• **What to do**
If a line of the data contains the word "with", it is counted; report how many such lines there are and nothing else.

• **Data to examine**
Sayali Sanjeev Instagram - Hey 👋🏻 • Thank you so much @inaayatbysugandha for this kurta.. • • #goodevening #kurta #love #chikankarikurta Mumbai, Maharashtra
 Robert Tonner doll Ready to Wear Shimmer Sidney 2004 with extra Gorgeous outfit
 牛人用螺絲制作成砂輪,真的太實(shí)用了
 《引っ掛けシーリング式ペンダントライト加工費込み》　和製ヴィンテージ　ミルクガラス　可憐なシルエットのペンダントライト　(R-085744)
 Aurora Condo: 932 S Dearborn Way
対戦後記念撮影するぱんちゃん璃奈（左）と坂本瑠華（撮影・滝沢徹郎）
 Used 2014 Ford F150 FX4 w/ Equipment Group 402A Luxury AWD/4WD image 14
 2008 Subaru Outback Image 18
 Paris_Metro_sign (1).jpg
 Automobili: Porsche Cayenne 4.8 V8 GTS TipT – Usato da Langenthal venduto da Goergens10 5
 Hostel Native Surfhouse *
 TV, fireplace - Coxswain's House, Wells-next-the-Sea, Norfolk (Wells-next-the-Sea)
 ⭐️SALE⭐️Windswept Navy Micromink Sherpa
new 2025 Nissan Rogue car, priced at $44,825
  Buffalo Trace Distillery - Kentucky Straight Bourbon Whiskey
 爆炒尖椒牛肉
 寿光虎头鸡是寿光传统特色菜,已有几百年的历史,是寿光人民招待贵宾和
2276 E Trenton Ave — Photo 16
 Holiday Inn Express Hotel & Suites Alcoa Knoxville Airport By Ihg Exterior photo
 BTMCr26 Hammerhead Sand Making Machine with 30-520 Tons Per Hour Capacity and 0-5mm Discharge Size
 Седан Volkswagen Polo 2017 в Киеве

• **Response area**
2